Back From Ukraine Where the Future Model for Europe Is Taking Shape

The author has just returned from a trip to Ukraine with a delegation from the European Parliament and the French Senate. In this paper, he delivers a moving and precise testimony. Despite the fighting, Ukraine is preparing for its European future. Not only it deserves it, but it would be a tremendous asset for Europe itself.

There are some travels to the future, journeys taking us to lands, where suddenly, we can find some inspiration no longer belonging to the country we are living in. Travels, per say, to countries possibly forging the matrix to guide our thoughts and projects for the present times of our societies. It was the case of my brief stay in Ukraine from April 20 to 22, 2022. What I have experienced there is a sort of lab for democracy inspiring us deeply, further more than solidarity to the Ukrainian people, going far beyond listening to the stories of massacres: defying reason, breaking out our senses to the common understanding.

The paradox is only apparent: Ukraine is at the same time a country that lives the most dramatic present that can be — the criminal war of the Russian regime aiming at the physical destruction of the country and the Ukrainian people — and a nation entirely turned towards the future. Talking with the mayor of Lviv, Andriy Sadovyi, the mayor of Kyiv, Vitaliy Klychko and the mayor of the martyred city of Bucha, Anatoly Fedoruk, we discovered people who are not only incredibly courageous and strong-minded, but also fully focused on the future. Do not expect complaints and recriminations from them, even if they all rightly expect even stronger support from Western countries in the defense of Ukraine and commitment to push Russian forces out of Ukraine. Instead, you will hear from them about multiple projects for a free and European Ukraine.

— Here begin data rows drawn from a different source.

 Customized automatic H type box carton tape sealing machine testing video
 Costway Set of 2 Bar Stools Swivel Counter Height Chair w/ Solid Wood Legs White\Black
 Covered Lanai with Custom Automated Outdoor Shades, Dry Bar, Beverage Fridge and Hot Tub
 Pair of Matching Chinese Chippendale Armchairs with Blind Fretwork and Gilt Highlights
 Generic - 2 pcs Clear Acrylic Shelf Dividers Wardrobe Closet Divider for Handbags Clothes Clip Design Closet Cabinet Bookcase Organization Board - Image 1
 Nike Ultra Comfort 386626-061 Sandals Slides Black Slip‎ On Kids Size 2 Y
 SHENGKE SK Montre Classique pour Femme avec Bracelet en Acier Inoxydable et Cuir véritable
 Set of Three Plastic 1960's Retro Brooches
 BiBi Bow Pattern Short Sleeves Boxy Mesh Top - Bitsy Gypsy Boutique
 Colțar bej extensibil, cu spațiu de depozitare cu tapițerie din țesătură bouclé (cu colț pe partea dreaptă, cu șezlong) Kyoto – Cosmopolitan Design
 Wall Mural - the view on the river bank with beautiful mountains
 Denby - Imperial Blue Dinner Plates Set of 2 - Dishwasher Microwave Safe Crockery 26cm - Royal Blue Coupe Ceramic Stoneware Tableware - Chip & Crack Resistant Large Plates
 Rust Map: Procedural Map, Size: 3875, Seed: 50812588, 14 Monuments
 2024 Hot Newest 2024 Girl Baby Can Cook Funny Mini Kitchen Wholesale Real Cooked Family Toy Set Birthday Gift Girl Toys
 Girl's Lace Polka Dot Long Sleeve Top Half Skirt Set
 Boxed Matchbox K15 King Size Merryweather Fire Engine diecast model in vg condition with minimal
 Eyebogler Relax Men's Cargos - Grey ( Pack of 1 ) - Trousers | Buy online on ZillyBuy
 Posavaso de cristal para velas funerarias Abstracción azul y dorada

During a moving ceremony in Bucha, where hundreds of Ukrainians were deliberately murdered by Russian forces, the members of the delegation of European and French parliamentarians and myself, together with children from the town, planted trees that were already beginning to bud. The symbol was clear: tomorrow, to quote the Song of the Moor Soldiers (Moorsoldatenlied), spring will bloom again — or to use the English words, winter will not last forever. In his speech, the mayor of Bucha indicated two things in particular: First, it is necessary to prepare the relay between the generations through the transmitted memory of the crimes. This bloody thread bridges the gap between the past and the future, as René Char wrote. It constitutes the foundation of the liberation from this heavy present. This transmission of the memory ultimately authorizes to create a free community aware of its duties. Then, he indicated that our fights, but also our projects for the future of Ukraine, we owe it precisely to these children. They deserve a future of freedom within the political community founded on values and on rules that is by excellence Europe. The war makes the future even more urgent. What an antinomy also with an aggressive regime that has precisely the “no future” for horizon.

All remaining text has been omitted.